[DATA EXTRACTS Boundary: Start]

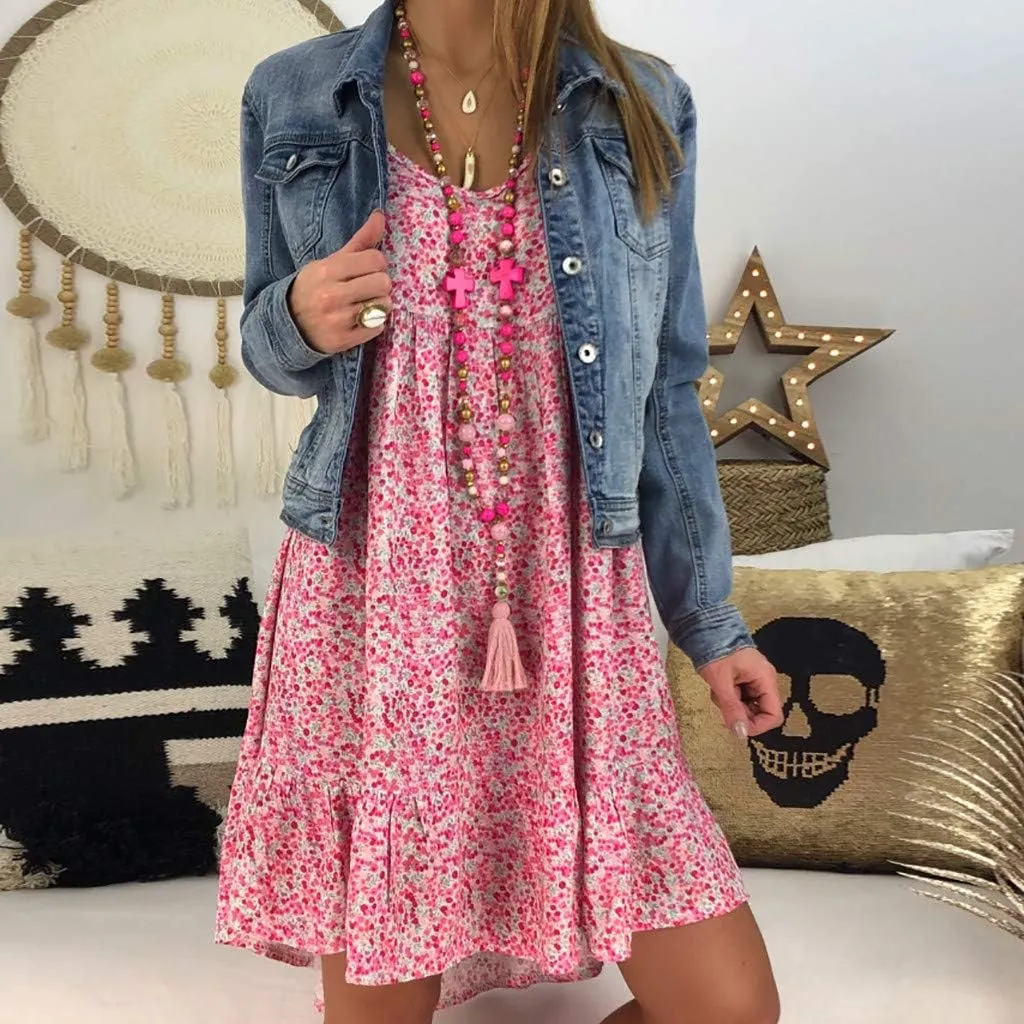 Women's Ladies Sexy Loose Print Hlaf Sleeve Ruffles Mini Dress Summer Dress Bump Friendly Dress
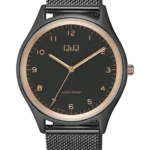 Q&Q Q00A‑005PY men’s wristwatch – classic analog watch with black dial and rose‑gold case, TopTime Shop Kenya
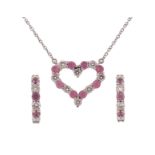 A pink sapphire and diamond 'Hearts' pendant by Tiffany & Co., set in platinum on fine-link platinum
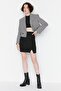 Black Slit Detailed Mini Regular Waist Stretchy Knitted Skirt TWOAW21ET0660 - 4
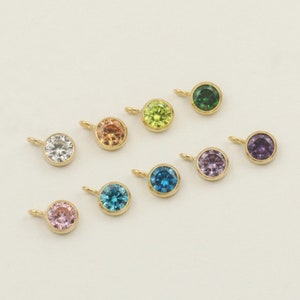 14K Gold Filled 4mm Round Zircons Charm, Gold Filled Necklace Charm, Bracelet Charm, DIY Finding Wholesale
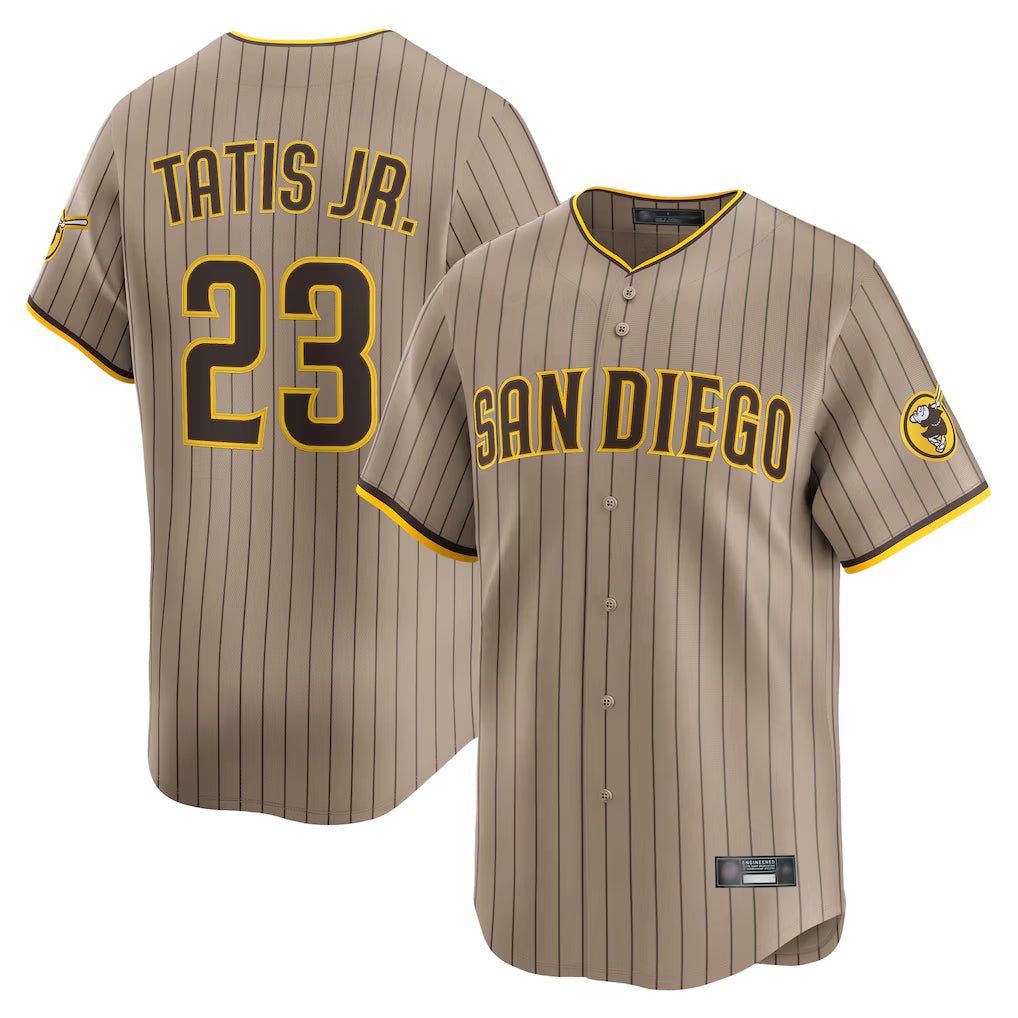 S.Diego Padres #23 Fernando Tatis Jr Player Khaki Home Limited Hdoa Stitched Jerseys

[DATA EXTRACTS Boundary: End]

▶ **EXERCISE**
I'd like every record printed exactly, with the pictures left out.

▶ **REPLY TO THE TASK**
 Women's Ladies Sexy Loose Print Hlaf Sleeve Ruffles Mini Dress Summer Dress Bump Friendly Dress
 Q&Q Q00A‑005PY men’s wristwatch – classic analog watch with black dial and rose‑gold case, TopTime Shop Kenya
 A pink sapphire and diamond 'Hearts' pendant by Tiffany & Co., set in platinum on fine-link platinum
 Black Slit Detailed Mini Regular Waist Stretchy Knitted Skirt TWOAW21ET0660 - 4
 14K Gold Filled 4mm Round Zircons Charm, Gold Filled Necklace Charm, Bracelet Charm, DIY Finding Wholesale
 S.Diego Padres #23 Fernando Tatis Jr Player Khaki Home Limited Hdoa Stitched Jerseys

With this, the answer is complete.